Member of Karnataka Legislative Assembly
- In office 2018–2023
- Preceded by: S. S. Mallikarjun
- Constituency: Davangere North
- In office 2008–2013
- Succeeded by: S. S. Mallikarjun
- Constituency: Davangere North
- In office 1994–2008
- Preceded by: Nagamma Keshavamurthy
- Succeeded by: M. Basavaraja Naika
- Constituency: Mayakonda

Personal details
- Born: 26 November 1946 (age 79) Shiramagondanahalli, Davangere Taluk, Chitradurga, Kingdom of Mysore (now Davangere District, Karnataka), India
- Party: Bharatiya Janata party

= S. A. Ravindranath =

Indian politician

S. A. Ravindranath (born 26 November 1946) is an Indian politician. Born in Shiramagondanahalli village of Davangere District, he represents the Bharatiya Janata Party (BJP) from Davangere North Constituency in the Karnataka Legislative Assembly. He is a senior Cabinet minister in the BJP government of Karnataka.

==Career==

A longtime member of the Bharatiya Janata Party, he has been elected to the Karnataka Legislative Assembly for four consecutive terms since 1994. He was elected as MLA from Mayakonda constituency for three consecutive terms and is currently representing the Davanagere North constituency. He won the May 2008 Karnataka state elections with the highest margin of over 53,000 votes against his nearest rival. Earlier, he was the Minister for Sugar and Rural water supply in the BJP-Janata Dal (Secular) coalition government headed by H.D.Kumaraswamy.
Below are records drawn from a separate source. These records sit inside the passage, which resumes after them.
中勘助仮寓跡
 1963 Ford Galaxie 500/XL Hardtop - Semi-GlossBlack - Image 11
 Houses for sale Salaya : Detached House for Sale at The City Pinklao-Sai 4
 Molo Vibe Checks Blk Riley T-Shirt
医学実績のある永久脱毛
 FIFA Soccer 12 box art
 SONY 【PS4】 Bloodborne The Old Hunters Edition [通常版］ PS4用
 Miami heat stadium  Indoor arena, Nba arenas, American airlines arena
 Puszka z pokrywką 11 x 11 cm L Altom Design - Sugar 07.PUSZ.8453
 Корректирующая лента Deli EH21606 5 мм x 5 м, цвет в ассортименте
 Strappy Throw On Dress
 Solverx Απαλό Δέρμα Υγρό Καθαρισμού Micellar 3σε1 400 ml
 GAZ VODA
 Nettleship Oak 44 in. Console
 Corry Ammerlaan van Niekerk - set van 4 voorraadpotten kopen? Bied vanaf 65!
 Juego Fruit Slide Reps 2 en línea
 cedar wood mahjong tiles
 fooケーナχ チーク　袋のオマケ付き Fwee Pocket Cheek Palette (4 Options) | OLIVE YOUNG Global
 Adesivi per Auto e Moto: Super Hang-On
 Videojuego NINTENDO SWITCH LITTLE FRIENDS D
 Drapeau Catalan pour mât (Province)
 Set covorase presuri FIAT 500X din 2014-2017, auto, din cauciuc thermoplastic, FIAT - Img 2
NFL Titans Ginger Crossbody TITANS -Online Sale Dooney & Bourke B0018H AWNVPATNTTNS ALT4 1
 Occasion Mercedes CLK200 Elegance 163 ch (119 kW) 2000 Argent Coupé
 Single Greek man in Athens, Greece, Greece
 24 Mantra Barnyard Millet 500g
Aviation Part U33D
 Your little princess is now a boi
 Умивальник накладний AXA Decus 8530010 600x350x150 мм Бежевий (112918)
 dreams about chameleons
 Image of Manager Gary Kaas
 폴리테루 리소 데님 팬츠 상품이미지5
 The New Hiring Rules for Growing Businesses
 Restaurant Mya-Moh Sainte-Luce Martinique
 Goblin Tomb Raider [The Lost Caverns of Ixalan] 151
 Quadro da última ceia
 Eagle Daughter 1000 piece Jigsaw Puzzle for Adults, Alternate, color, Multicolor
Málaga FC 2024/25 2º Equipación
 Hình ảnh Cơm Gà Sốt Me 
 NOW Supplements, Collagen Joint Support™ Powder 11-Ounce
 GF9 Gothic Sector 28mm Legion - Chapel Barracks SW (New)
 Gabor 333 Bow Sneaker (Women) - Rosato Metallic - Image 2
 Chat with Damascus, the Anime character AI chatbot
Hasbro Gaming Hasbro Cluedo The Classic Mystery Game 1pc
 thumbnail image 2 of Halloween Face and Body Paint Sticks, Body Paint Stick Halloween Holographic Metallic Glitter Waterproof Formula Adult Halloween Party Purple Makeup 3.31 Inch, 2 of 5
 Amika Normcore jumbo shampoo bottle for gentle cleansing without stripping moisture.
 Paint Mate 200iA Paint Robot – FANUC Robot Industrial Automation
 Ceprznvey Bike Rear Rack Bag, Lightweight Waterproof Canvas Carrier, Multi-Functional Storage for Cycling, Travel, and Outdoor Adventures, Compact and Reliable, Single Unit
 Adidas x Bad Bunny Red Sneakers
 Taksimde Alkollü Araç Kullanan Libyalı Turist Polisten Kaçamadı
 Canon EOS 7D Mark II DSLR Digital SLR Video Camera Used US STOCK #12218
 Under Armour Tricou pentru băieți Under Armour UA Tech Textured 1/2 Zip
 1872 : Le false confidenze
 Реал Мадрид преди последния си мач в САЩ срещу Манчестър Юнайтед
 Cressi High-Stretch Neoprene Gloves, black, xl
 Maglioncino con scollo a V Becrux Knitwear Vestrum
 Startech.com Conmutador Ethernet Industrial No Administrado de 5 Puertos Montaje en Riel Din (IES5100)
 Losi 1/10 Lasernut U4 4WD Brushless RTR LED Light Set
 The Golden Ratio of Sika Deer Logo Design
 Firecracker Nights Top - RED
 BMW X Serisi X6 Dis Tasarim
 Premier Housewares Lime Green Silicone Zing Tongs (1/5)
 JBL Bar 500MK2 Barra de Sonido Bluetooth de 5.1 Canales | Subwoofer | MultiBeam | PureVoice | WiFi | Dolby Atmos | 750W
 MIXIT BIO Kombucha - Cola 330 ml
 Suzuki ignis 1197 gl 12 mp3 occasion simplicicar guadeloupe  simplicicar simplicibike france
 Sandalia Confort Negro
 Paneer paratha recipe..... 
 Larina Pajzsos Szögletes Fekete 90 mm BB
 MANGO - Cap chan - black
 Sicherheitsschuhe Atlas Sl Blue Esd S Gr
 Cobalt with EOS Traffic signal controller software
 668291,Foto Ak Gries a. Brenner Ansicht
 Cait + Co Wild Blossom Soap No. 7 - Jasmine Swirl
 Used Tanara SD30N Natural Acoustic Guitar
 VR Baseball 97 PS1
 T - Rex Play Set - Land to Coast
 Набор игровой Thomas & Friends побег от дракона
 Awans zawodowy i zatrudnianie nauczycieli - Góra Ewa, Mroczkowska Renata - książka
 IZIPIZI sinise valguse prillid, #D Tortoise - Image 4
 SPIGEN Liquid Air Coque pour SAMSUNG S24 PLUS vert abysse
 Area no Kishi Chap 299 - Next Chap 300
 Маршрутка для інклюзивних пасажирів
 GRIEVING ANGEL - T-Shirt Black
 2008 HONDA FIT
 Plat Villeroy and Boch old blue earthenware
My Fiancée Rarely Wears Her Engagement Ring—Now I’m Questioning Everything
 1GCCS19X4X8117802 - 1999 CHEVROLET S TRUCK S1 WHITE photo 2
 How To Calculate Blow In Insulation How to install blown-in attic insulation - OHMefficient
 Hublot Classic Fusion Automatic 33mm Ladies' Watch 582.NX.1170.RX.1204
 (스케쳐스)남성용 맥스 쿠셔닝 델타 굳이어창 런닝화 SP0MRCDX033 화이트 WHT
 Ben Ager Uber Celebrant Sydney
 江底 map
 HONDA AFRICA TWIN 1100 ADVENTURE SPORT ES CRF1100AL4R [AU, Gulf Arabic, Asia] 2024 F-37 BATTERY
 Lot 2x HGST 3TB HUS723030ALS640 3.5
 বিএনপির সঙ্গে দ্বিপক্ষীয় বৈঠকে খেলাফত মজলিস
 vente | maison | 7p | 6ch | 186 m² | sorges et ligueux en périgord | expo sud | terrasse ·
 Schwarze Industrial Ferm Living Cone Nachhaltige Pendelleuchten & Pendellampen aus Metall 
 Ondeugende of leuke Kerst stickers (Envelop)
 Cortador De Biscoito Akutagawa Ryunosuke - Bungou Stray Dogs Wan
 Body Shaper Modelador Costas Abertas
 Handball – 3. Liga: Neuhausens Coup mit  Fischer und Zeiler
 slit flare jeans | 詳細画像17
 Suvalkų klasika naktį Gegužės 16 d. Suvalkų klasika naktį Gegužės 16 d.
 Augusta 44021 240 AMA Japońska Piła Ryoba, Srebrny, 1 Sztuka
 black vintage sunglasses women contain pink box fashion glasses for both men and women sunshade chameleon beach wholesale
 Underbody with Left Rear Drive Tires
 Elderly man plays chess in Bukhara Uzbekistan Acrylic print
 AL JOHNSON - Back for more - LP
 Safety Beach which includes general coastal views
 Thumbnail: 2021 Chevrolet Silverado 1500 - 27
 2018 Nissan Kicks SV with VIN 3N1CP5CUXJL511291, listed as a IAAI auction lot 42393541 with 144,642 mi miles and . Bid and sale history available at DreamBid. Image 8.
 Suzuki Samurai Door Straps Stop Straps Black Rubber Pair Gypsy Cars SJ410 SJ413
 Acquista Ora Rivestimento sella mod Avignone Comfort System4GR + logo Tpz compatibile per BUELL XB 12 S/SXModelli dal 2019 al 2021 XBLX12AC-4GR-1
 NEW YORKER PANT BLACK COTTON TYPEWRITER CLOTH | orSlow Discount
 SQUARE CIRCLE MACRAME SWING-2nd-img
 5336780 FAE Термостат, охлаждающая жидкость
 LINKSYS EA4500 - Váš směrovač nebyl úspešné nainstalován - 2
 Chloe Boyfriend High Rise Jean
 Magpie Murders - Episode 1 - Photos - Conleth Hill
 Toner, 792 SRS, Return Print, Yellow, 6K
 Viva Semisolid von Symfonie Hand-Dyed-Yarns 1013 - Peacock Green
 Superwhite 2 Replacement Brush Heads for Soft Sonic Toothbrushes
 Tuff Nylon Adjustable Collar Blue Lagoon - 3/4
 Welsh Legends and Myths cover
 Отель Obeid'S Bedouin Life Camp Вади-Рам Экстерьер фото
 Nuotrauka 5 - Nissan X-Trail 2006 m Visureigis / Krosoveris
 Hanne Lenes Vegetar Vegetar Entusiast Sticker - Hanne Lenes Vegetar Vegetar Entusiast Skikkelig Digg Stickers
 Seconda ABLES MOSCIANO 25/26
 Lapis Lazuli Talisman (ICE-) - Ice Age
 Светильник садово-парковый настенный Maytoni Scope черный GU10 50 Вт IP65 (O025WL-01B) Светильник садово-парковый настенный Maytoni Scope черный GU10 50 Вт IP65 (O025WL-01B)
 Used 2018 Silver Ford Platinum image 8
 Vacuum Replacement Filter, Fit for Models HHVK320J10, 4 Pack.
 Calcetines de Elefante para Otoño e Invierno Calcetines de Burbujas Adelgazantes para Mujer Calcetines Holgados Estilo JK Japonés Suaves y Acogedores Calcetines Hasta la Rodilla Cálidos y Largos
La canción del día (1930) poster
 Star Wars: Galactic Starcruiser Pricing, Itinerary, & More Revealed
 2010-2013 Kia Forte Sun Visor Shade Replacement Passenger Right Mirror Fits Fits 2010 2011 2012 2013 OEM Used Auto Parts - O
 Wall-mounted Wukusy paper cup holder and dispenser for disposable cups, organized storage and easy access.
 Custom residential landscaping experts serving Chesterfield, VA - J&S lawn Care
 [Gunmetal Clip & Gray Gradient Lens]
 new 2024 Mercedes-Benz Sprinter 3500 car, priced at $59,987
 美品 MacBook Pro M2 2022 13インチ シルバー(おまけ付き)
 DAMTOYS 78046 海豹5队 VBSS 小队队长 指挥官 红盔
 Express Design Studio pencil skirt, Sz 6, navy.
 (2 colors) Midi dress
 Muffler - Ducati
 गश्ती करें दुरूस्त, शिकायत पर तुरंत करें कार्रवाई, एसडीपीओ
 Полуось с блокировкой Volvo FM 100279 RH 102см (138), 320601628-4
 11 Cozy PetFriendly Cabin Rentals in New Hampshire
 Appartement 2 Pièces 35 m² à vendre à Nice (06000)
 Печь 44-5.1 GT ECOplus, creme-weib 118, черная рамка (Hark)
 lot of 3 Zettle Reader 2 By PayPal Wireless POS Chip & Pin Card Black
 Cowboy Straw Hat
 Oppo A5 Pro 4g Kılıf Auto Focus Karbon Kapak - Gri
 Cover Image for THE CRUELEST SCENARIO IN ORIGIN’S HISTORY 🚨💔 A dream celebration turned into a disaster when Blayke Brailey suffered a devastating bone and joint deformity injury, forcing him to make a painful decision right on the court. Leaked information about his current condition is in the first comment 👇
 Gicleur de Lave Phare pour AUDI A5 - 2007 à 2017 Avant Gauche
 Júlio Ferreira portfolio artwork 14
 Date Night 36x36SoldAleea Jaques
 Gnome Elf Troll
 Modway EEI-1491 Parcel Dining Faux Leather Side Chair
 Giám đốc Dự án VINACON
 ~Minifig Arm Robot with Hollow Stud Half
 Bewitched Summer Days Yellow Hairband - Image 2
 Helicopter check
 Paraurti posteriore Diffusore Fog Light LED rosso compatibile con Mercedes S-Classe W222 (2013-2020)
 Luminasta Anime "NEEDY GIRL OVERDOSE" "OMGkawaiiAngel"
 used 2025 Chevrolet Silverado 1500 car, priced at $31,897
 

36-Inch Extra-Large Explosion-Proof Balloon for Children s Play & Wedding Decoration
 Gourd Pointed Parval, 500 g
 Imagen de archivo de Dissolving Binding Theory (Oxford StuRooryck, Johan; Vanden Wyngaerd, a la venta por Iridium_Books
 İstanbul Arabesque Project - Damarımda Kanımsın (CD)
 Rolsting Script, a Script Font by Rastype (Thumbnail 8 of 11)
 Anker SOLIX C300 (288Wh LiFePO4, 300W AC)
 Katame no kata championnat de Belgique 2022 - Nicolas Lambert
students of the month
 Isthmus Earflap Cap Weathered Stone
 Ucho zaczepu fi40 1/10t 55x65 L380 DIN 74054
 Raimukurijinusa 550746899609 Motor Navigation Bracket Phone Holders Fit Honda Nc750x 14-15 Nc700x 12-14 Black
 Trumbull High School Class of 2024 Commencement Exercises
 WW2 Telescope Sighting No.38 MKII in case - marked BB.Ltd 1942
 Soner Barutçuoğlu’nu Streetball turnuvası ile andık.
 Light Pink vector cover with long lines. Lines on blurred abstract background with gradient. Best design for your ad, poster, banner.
Following the historic victory of the BJP in Karnataka, he was sworn-in as a Cabinet minister in the Yeddyurappa government on 30 May 2008 and was entrusted with the Agriculture portfolio. Later he served as the Minister for Horticulture in the D. V. Sadananda Gowda ministry and Shettar ministry. He was also the minister in charge for Davanagere district at that time. He is credited with bringing the BJP to power in the Davanagere City Corporation for the first time in 2007 with an overwhelming majority. However, the actual credit should go to Congress Leader S. S. Mallikarjun whose papers were rejected at the last moment.